**Required action:** Only an exact copy belongs in the answer: the line with "1986 Honda Civic" and every line after it through the end of the records, pictures left out.

• • • • • • •

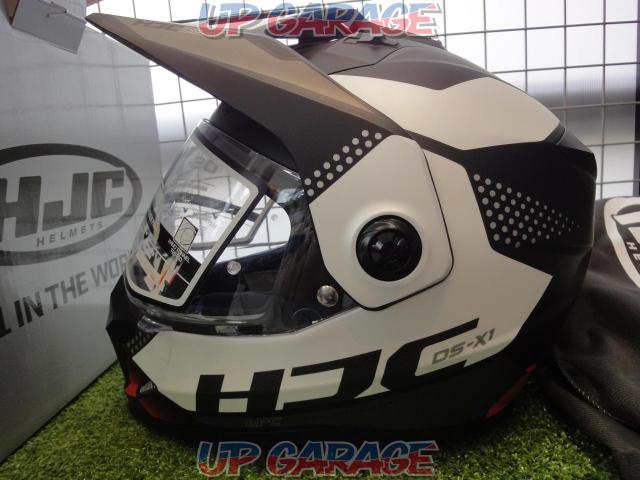 RS
TAICHI
HJC
Full-face helmet
DS-X1
Black-and-white
Size M-04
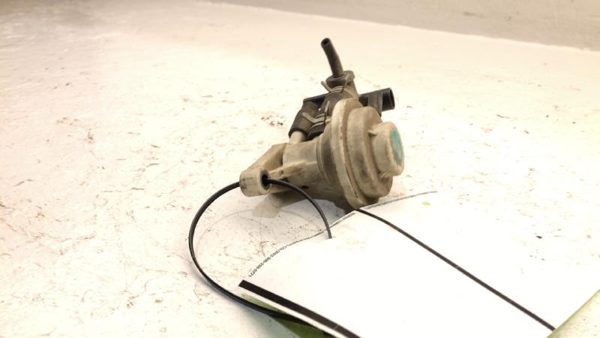 1986 Honda Civic Vacuum Valve With Hose Fitting Elbow Oem 135200-0600 — photo 9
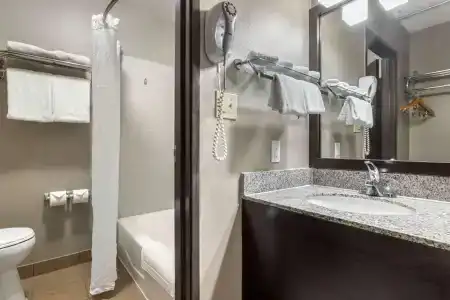 Best Western Mccarran Inn - 52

• • • • • • •

**Answer to this problem:**
 1986 Honda Civic Vacuum Valve With Hose Fitting Elbow Oem 135200-0600 — photo 9
 Best Western Mccarran Inn - 52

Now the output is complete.